‘Summary: looks at variations in the performance of Italian regional governments. Argues that low levels of social capital (variation in political culture) in a region lead to inefficient regional governments; the variation in political culture is then traced back to the Middle Ages.
Method: a so-called “natural experiment” – studies the performance of Italian regional governments following their formation in 1970, arguing that this introduction of a new level of government allows a perfect testing ground for determining the “conditions for creating strong, responsive, effective representative institutions” (6) since “institutional design was held constant” (10)
Critiques: theoretically, Putnam’s argument has two major weaknesses: first, he offers little to account for the persistence of traits that he argues characterized different Italian regions for about seven hundred years (historical validity) and the choice of the Middle Ages as THE point of origin seems rather arbitrary; second, social capital may be endogenous to institutional performance rather than a cause of it.
Also, Jackson and Miller (1996) examine the validity of Putnam’s statistical claims, and find that there is “very little indication from the Italian data to suggest that institutional performance depends in any appreciable manner on cultural traditions. While there is a statistical justification for the measures of civic community developed by Putnam, those measures do not address distributions of cultural values directly. More troubling is the fact that the measure of performance cannot be justified even on statistical grounds. As a result, these data provide no warrant for linking cultural values to political performance.” (644-645)
Also, see Sabetti (1996).
In Making Democracy Work, Putnam performs a study of the performance of Italian regional government performance following their formation in 1970, arguing that this introduction of a new regional level of government allows a perfect testing ground for determining the “conditions for creating strong, responsive, effective representative institutions.” (6, 10) Since he views the institutions introduced as being identical across the fifteen regions (excluding the five semi-autonomous regions with their variations in powers), Putnam is able to hold institutions constant. As such, any variation cannot be institutional in nature and must be explained by some other variable.
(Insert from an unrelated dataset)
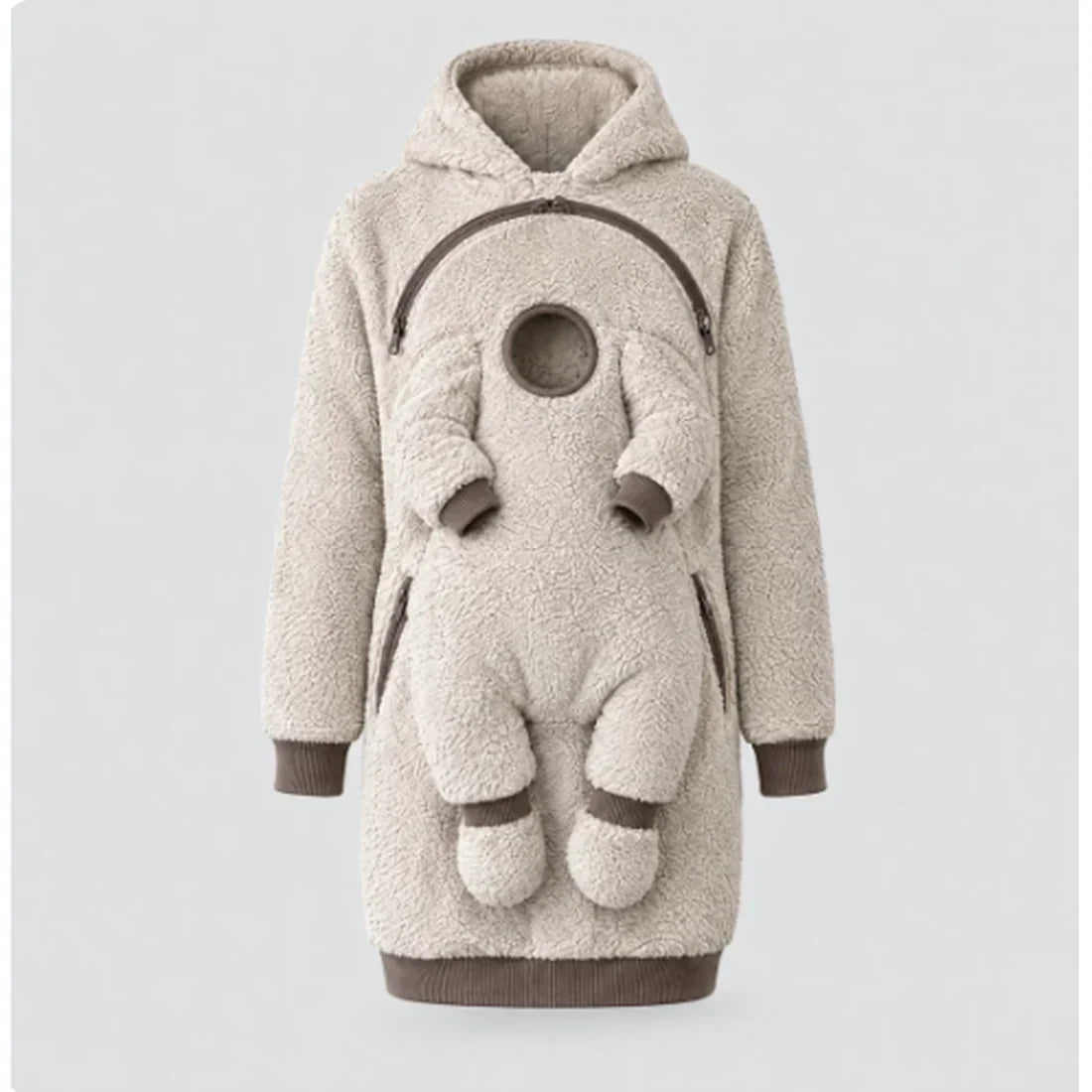 💝SnugNest™ 2-in-1 Baby Carrier Hoodie – Built-In Support, No Buckles & Cozy Warmth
Putnam carries out this study over two decades using a combination of surveys, interviews, statistical measures of institutional performance, analysis of legislation and a somewhat unorthodox investigative measure which involves the submission of fake inquiries to monitor difficulties in having complaints dealt with. (13-14) He finds that there is indeed considerable variation in the performance of regions, and that this variation occurs largely on a North-South divide. He explains this divide using the notion of political culture, arguing that if regional governments perform badly, it is because citizens have inadequate levels of trust, and society a low level of social capital. Much of this problem relates to a fundamental problem of collective action. While the North was able to overcome this problem horizontally, the South dealt with it using sub-optimal vertical measures. He traces the origin of these variations in social capital back to different forms of government in the Middle Ages (republican in the North and monarchical in the South). Since trust and civic engagement are seen as self-reinforcing, these traditions continued over time.
Putnam sums the logic of his argument up thusly:
“On the demand side, citizens in civic communities expect better government and (in part through their own efforts), they get it. They demand effective public service, and they are prepared to act collectively to achieve their shared goals. Their counterparts in less civic regions more commonly assume the role of alienated and cynical supplicants. On the supply side, the performance of representative government is facilitated by the social infrastructure of civic communities and by the democratic values of both officials and citizens. Most fundamental to the civic community is the social ability to collaborate for shared interests. Generalized reciprocity… generates high social capital and underpins collaboration.” (182-183)
As such, Putnam notes the importance of the initial, self-reinforcing conditions on the current levels of policy efficiency, and democracy more generally. The key to making democracy work is the social capital created by civic culture, activities and associations.